One question I occasionally get is “where do you get the music you play?” Well, the short answer is that I bring it with me in a plastic milk crate to the studio every week (which also explains why taking requests is difficult when I’m live in the studio: at any given time, 75% of the music I pick from is still at home), but I’m sure that answer does not satisfy everyone. So, I thought I’d talk about my “Artifacts From the Tin Cave” a little bit.

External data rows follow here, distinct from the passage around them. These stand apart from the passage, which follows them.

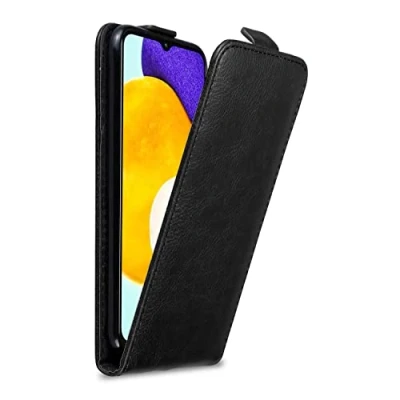Abbildung von Cadorabo Hülle kompatibel mit Samsung Galaxy A13 5G Flip Design aus Premium Kunst Leder Klappbare Stoßfeste Magnetische Cover für Tasche in Schwarz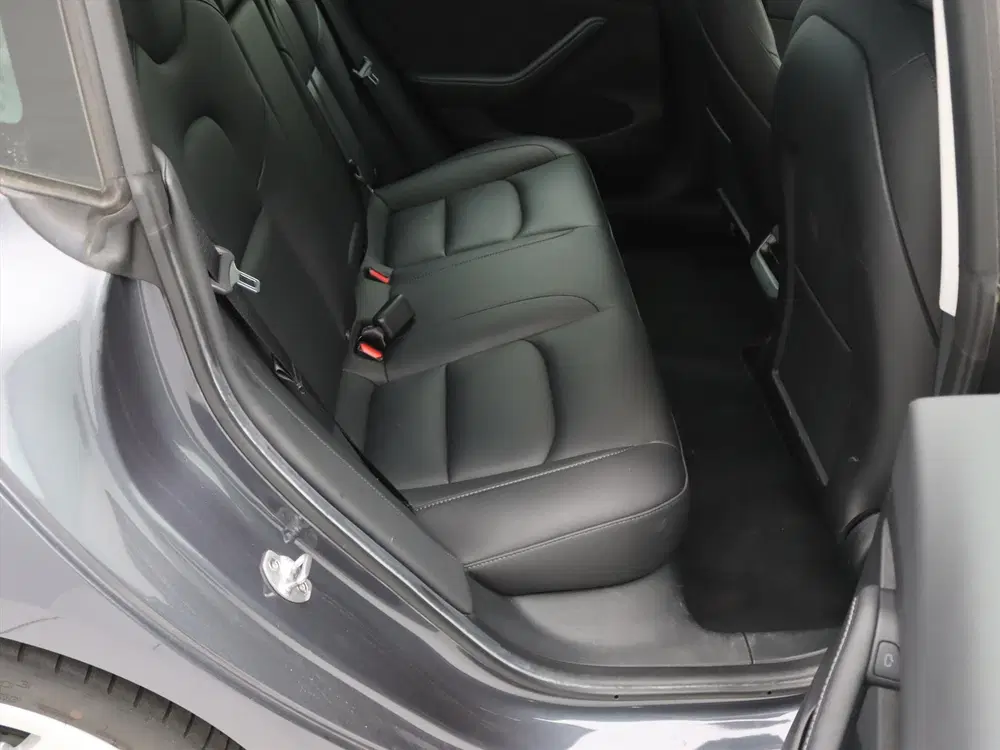 Tesla Model 3 Long Range AWD 75kWh 351pk 94.3% SoH [ AMD uit 2023, foto 15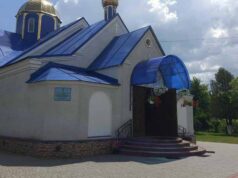 Скандал: у Нововолинську не можуть поділити церкву (Оновлено) Скандал: у Нововолинську не можуть поділити церкву (Оновлено)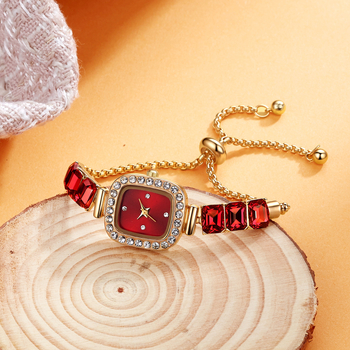 Ceas dama quartz cu carcasă pătrată încrustată cu diamante și motif retro de grâu (Mișcare cuarț; Carcasă din aliaj; Curea din piele artificială; Coroană în formă de ceapă; Geam mineral consolidat)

In the spring of 1967 I used my birthday money to buy an LP called “The Best of Sam the Sham and the Pharaohs.” I only mention this because I still have that copy and have even played tracks from it on Stuck in the Psychedelic Era. I guess that marks the official beginning of the current collection I use on the show. That LP, however, is the exception rather than the rule. Most of the vinyl I use is from a collection I have been building up since the late 70s, when I found a copy of Cheap Thrills in near-perfect condition at a thrift store in Albuquerque. Up until that point I had been perfectly content to maintain a collection on tape, most of it on 2-track or 4-track reel-to-reel, although I had a few cassette tapes I made for listening to in the car as well.
I did not immediately abandon my tapes, however. In fact, I managed to have at least one working reel-to-reel machine throughout the 80s, finally putting my Pioneer and my dad’s old Revox into storage in late 1989. One consequence of maintaining my tape collection was that I had copies of virtually every album I ever wanted, and thus was only spending money on new stuff and obscure older albums I had not been able to tape. As the new stuff became more and more corporate (Journey, Foreigner and the like), I got more and more into the obscure older stuff, discovering bands like the West Coast Pop Art Experimental Band and forgotten albums like the Animals’ “Animalization”, usually in thrift stores.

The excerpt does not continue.